(Caption-style text data)
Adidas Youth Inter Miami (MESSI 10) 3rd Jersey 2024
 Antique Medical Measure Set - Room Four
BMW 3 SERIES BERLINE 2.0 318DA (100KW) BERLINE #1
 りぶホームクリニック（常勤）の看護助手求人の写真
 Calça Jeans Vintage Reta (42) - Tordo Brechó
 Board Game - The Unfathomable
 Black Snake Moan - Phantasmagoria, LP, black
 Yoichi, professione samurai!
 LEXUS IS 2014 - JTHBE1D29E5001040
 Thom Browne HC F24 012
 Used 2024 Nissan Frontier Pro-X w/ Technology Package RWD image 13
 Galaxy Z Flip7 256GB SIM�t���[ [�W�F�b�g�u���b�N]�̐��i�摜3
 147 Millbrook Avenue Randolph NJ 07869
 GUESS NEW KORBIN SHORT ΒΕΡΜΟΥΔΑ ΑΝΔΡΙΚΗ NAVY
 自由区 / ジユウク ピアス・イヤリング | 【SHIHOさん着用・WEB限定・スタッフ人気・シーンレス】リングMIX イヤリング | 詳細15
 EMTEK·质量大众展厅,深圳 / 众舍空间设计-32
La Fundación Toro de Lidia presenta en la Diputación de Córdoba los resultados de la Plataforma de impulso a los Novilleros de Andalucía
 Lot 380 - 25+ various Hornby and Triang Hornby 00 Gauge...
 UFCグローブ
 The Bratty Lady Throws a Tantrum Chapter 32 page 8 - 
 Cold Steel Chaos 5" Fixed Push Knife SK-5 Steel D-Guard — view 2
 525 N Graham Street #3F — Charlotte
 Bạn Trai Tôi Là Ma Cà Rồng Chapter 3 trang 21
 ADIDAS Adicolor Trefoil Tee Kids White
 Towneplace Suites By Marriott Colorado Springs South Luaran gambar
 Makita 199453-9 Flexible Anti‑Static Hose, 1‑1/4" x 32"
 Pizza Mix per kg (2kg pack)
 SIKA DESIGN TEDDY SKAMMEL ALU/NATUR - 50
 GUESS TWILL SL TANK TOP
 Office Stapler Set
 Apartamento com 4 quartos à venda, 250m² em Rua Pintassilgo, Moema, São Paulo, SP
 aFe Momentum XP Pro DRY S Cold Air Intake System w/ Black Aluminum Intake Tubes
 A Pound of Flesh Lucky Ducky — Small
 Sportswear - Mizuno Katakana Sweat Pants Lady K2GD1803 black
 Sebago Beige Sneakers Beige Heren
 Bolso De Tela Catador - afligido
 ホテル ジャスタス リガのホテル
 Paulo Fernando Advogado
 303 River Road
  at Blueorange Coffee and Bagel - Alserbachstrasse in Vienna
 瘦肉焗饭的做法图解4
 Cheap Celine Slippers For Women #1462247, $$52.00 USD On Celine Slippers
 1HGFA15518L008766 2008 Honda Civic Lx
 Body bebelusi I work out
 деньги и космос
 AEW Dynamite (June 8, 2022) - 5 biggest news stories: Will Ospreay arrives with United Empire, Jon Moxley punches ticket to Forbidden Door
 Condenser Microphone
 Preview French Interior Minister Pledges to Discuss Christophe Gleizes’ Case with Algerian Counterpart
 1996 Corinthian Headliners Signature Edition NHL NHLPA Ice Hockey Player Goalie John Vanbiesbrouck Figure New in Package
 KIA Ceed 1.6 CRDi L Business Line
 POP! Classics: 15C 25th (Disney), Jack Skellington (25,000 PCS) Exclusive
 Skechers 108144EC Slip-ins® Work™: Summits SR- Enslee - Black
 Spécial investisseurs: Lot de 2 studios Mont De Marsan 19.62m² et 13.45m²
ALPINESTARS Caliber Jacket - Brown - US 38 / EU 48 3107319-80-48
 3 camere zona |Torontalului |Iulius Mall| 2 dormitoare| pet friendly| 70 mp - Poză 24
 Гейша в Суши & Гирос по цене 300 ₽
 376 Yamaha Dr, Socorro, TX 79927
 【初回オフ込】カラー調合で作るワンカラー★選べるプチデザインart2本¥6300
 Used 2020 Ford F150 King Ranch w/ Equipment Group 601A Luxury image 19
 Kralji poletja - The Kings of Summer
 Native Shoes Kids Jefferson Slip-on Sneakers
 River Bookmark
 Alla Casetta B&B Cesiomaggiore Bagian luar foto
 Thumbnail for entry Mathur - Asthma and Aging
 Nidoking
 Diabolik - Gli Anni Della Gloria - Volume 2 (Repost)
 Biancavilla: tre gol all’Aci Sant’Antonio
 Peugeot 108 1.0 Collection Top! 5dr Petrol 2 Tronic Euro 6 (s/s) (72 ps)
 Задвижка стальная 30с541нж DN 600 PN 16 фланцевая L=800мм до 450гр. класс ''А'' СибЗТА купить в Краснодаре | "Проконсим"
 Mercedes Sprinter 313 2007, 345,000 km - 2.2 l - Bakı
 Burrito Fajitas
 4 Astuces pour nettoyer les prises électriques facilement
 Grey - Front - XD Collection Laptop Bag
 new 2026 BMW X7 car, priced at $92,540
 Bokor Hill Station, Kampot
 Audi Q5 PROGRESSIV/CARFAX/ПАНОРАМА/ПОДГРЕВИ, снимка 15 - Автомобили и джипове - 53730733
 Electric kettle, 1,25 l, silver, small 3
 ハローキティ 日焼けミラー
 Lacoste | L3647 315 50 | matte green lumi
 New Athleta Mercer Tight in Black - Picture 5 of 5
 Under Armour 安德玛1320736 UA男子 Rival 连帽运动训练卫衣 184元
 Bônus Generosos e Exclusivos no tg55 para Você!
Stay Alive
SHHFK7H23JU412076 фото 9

## EXERCISE DETAILS
Make an exact copy of every line in the data.

## REPLY
Adidas Youth Inter Miami (MESSI 10) 3rd Jersey 2024
 Antique Medical Measure Set - Room Four
BMW 3 SERIES BERLINE 2.0 318DA (100KW) BERLINE #1
 りぶホームクリニック（常勤）の看護助手求人の写真
 Calça Jeans Vintage Reta (42) - Tordo Brechó
 Board Game - The Unfathomable
 Black Snake Moan - Phantasmagoria, LP, black
 Yoichi, professione samurai!
 LEXUS IS 2014 - JTHBE1D29E5001040
 Thom Browne HC F24 012
 Used 2024 Nissan Frontier Pro-X w/ Technology Package RWD image 13
 Galaxy Z Flip7 256GB SIM�t���[ [�W�F�b�g�u���b�N]�̐��i�摜3
 147 Millbrook Avenue Randolph NJ 07869
 GUESS NEW KORBIN SHORT ΒΕΡΜΟΥΔΑ ΑΝΔΡΙΚΗ NAVY
 自由区 / ジユウク ピアス・イヤリング | 【SHIHOさん着用・WEB限定・スタッフ人気・シーンレス】リングMIX イヤリング | 詳細15
 EMTEK·质量大众展厅,深圳 / 众舍空间设计-32
La Fundación Toro de Lidia presenta en la Diputación de Córdoba los resultados de la Plataforma de impulso a los Novilleros de Andalucía
 Lot 380 - 25+ various Hornby and Triang Hornby 00 Gauge...
 UFCグローブ
 The Bratty Lady Throws a Tantrum Chapter 32 page 8 - 
 Cold Steel Chaos 5" Fixed Push Knife SK-5 Steel D-Guard — view 2
 525 N Graham Street #3F — Charlotte
 Bạn Trai Tôi Là Ma Cà Rồng Chapter 3 trang 21
 ADIDAS Adicolor Trefoil Tee Kids White
 Towneplace Suites By Marriott Colorado Springs South Luaran gambar
 Makita 199453-9 Flexible Anti‑Static Hose, 1‑1/4" x 32"
 Pizza Mix per kg (2kg pack)
 SIKA DESIGN TEDDY SKAMMEL ALU/NATUR - 50
 GUESS TWILL SL TANK TOP
 Office Stapler Set
 Apartamento com 4 quartos à venda, 250m² em Rua Pintassilgo, Moema, São Paulo, SP
 aFe Momentum XP Pro DRY S Cold Air Intake System w/ Black Aluminum Intake Tubes
 A Pound of Flesh Lucky Ducky — Small
 Sportswear - Mizuno Katakana Sweat Pants Lady K2GD1803 black
 Sebago Beige Sneakers Beige Heren
 Bolso De Tela Catador - afligido
 ホテル ジャスタス リガのホテル
 Paulo Fernando Advogado
 303 River Road
  at Blueorange Coffee and Bagel - Alserbachstrasse in Vienna
 瘦肉焗饭的做法图解4
 Cheap Celine Slippers For Women #1462247, $$52.00 USD On Celine Slippers
 1HGFA15518L008766 2008 Honda Civic Lx
 Body bebelusi I work out
 деньги и космос
 AEW Dynamite (June 8, 2022) - 5 biggest news stories: Will Ospreay arrives with United Empire, Jon Moxley punches ticket to Forbidden Door
 Condenser Microphone
 Preview French Interior Minister Pledges to Discuss Christophe Gleizes’ Case with Algerian Counterpart
 1996 Corinthian Headliners Signature Edition NHL NHLPA Ice Hockey Player Goalie John Vanbiesbrouck Figure New in Package
 KIA Ceed 1.6 CRDi L Business Line
 POP! Classics: 15C 25th (Disney), Jack Skellington (25,000 PCS) Exclusive
 Skechers 108144EC Slip-ins® Work™: Summits SR- Enslee - Black
 Spécial investisseurs: Lot de 2 studios Mont De Marsan 19.62m² et 13.45m²
ALPINESTARS Caliber Jacket - Brown - US 38 / EU 48 3107319-80-48
 3 camere zona |Torontalului |Iulius Mall| 2 dormitoare| pet friendly| 70 mp - Poză 24
 Гейша в Суши & Гирос по цене 300 ₽
 376 Yamaha Dr, Socorro, TX 79927
 【初回オフ込】カラー調合で作るワンカラー★選べるプチデザインart2本¥6300
 Used 2020 Ford F150 King Ranch w/ Equipment Group 601A Luxury image 19
 Kralji poletja - The Kings of Summer
 Native Shoes Kids Jefferson Slip-on Sneakers
 River Bookmark
 Alla Casetta B&B Cesiomaggiore Bagian luar foto
 Thumbnail for entry Mathur - Asthma and Aging
 Nidoking
 Diabolik - Gli Anni Della Gloria - Volume 2 (Repost)
 Biancavilla: tre gol all’Aci Sant’Antonio
 Peugeot 108 1.0 Collection Top! 5dr Petrol 2 Tronic Euro 6 (s/s) (72 ps)
 Задвижка стальная 30с541нж DN 600 PN 16 фланцевая L=800мм до 450гр. класс ''А'' СибЗТА купить в Краснодаре | "Проконсим"
 Mercedes Sprinter 313 2007, 345,000 km - 2.2 l - Bakı
 Burrito Fajitas
 4 Astuces pour nettoyer les prises électriques facilement
 Grey - Front - XD Collection Laptop Bag
 new 2026 BMW X7 car, priced at $92,540
 Bokor Hill Station, Kampot
 Audi Q5 PROGRESSIV/CARFAX/ПАНОРАМА/ПОДГРЕВИ, снимка 15 - Автомобили и джипове - 53730733
 Electric kettle, 1,25 l, silver, small 3
 ハローキティ 日焼けミラー
 Lacoste | L3647 315 50 | matte green lumi
 New Athleta Mercer Tight in Black - Picture 5 of 5
 Under Armour 安德玛1320736 UA男子 Rival 连帽运动训练卫衣 184元
 Bônus Generosos e Exclusivos no tg55 para Você!
Stay Alive
SHHFK7H23JU412076 фото 9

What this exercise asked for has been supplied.